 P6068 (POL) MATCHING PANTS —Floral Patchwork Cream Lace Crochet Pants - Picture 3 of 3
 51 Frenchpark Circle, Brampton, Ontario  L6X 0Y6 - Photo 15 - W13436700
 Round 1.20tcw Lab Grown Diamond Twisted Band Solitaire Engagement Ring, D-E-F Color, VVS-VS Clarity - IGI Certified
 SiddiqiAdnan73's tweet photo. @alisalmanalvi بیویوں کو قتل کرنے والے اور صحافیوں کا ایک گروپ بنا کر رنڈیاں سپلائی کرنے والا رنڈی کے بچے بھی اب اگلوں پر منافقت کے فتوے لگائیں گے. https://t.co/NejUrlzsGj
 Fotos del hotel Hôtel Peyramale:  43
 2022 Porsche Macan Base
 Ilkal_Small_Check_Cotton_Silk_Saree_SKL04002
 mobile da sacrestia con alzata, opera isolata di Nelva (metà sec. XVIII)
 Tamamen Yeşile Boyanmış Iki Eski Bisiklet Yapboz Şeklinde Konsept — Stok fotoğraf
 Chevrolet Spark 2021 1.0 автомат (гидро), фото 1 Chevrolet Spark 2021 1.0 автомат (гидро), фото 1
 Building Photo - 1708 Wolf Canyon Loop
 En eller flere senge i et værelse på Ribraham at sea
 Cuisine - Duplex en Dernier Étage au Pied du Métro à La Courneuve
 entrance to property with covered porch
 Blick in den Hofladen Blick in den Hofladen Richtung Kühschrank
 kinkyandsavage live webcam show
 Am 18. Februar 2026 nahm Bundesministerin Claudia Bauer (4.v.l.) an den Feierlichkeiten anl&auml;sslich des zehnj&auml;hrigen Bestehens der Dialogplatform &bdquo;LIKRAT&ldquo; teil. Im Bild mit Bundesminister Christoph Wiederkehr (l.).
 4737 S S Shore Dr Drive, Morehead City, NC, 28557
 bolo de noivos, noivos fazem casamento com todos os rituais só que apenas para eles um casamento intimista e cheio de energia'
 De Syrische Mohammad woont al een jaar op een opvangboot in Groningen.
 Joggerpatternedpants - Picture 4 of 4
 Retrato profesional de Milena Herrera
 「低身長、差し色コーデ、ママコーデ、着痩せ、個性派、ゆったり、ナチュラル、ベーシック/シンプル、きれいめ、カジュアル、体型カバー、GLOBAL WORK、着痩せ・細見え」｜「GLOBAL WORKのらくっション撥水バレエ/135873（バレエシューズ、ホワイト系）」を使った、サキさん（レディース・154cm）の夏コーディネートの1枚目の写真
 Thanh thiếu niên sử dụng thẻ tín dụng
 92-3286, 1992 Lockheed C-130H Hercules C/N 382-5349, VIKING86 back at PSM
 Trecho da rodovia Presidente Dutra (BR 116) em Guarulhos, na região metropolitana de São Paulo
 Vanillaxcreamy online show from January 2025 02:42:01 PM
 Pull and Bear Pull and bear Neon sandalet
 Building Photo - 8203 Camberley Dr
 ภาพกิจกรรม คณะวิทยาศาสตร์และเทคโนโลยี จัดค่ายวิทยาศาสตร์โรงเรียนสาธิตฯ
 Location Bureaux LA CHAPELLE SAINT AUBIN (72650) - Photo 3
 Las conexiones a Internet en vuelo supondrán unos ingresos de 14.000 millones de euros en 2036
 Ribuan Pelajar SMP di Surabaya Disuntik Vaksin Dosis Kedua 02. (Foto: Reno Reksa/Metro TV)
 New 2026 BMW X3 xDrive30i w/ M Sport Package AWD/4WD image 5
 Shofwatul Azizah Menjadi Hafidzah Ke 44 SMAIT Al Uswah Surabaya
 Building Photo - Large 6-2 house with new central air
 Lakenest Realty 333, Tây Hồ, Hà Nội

════════════════

Set out exactly the run of lines that begins at the line holding "De Syrische Mohammad" and ends at the last line of the data.

 De Syrische Mohammad woont al een jaar op een opvangboot in Groningen.
 Joggerpatternedpants - Picture 4 of 4
 Retrato profesional de Milena Herrera
 「低身長、差し色コーデ、ママコーデ、着痩せ、個性派、ゆったり、ナチュラル、ベーシック/シンプル、きれいめ、カジュアル、体型カバー、GLOBAL WORK、着痩せ・細見え」｜「GLOBAL WORKのらくっション撥水バレエ/135873（バレエシューズ、ホワイト系）」を使った、サキさん（レディース・154cm）の夏コーディネートの1枚目の写真
 Thanh thiếu niên sử dụng thẻ tín dụng
 92-3286, 1992 Lockheed C-130H Hercules C/N 382-5349, VIKING86 back at PSM
 Trecho da rodovia Presidente Dutra (BR 116) em Guarulhos, na região metropolitana de São Paulo
 Vanillaxcreamy online show from January 2025 02:42:01 PM
 Pull and Bear Pull and bear Neon sandalet
 Building Photo - 8203 Camberley Dr
 ภาพกิจกรรม คณะวิทยาศาสตร์และเทคโนโลยี จัดค่ายวิทยาศาสตร์โรงเรียนสาธิตฯ
 Location Bureaux LA CHAPELLE SAINT AUBIN (72650) - Photo 3
 Las conexiones a Internet en vuelo supondrán unos ingresos de 14.000 millones de euros en 2036
 Ribuan Pelajar SMP di Surabaya Disuntik Vaksin Dosis Kedua 02. (Foto: Reno Reksa/Metro TV)
 New 2026 BMW X3 xDrive30i w/ M Sport Package AWD/4WD image 5
 Shofwatul Azizah Menjadi Hafidzah Ke 44 SMAIT Al Uswah Surabaya
 Building Photo - Large 6-2 house with new central air
 Lakenest Realty 333, Tây Hồ, Hà Nội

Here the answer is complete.